____ Given data

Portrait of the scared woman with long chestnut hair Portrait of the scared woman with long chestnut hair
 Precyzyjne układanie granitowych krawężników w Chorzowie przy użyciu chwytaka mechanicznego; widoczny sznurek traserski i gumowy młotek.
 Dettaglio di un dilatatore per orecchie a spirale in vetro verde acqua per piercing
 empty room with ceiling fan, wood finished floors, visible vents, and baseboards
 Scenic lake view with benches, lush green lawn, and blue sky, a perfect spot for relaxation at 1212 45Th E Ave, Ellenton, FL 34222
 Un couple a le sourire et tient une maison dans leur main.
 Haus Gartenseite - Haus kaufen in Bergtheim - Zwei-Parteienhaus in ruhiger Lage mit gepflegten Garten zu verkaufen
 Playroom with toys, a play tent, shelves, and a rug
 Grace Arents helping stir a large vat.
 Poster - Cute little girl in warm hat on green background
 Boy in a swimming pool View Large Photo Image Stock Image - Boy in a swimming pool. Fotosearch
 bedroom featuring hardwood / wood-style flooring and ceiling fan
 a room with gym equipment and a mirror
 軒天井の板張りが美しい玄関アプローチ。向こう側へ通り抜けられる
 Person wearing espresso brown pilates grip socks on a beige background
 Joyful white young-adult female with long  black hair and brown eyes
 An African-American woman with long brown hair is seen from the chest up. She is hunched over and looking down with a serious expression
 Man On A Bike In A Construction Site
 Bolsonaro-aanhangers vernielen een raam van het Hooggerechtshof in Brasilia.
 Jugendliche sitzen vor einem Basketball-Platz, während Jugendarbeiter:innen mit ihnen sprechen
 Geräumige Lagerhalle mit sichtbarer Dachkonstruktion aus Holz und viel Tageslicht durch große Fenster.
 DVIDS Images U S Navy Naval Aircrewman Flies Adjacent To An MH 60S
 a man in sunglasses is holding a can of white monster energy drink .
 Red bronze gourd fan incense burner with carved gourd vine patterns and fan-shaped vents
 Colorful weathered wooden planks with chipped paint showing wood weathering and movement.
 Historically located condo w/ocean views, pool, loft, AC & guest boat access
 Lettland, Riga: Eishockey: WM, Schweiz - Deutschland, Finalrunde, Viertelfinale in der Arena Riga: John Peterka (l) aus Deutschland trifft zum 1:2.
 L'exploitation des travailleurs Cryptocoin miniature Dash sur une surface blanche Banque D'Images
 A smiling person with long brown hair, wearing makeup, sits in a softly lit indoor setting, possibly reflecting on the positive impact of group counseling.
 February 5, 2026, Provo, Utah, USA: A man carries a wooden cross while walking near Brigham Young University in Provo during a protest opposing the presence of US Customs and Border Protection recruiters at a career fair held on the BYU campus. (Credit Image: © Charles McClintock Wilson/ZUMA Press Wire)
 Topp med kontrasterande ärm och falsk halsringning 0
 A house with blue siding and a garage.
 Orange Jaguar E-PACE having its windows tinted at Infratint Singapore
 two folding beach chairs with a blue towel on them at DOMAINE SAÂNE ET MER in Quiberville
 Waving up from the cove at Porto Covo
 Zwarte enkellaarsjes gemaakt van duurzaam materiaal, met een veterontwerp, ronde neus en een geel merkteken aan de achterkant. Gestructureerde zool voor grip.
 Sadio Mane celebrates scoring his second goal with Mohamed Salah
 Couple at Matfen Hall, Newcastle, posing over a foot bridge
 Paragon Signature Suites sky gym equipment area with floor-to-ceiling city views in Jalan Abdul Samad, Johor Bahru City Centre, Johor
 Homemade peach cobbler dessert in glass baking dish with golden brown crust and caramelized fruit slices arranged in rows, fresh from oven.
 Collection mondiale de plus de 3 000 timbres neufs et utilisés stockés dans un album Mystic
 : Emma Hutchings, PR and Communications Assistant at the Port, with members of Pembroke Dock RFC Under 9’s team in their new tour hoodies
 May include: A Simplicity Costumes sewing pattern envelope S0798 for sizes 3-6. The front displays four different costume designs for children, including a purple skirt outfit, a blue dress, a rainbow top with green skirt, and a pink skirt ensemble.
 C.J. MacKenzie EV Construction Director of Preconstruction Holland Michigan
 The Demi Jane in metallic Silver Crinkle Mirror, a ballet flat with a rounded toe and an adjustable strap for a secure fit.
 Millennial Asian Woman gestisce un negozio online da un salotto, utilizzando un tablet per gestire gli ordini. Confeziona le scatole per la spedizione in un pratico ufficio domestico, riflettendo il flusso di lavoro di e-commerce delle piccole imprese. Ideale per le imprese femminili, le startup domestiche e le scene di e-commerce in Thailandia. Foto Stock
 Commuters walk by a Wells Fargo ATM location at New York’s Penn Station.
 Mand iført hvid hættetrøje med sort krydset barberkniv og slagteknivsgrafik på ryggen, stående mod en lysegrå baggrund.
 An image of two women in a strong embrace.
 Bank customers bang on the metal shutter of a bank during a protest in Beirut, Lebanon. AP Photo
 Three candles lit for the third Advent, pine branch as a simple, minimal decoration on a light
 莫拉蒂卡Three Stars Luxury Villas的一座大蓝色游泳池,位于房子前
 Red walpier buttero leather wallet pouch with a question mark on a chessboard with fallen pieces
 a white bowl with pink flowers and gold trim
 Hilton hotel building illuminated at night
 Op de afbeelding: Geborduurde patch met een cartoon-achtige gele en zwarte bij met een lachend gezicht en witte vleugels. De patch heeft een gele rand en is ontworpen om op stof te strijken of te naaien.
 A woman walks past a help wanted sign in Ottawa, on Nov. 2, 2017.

________

▶ _Problem details_:
Look through the data above for the string "grip" and copy every line where it appears.

▶ _Expected output_:
 Person wearing espresso brown pilates grip socks on a beige background
 Zwarte enkellaarsjes gemaakt van duurzaam materiaal, met een veterontwerp, ronde neus en een geel merkteken aan de achterkant. Gestructureerde zool voor grip.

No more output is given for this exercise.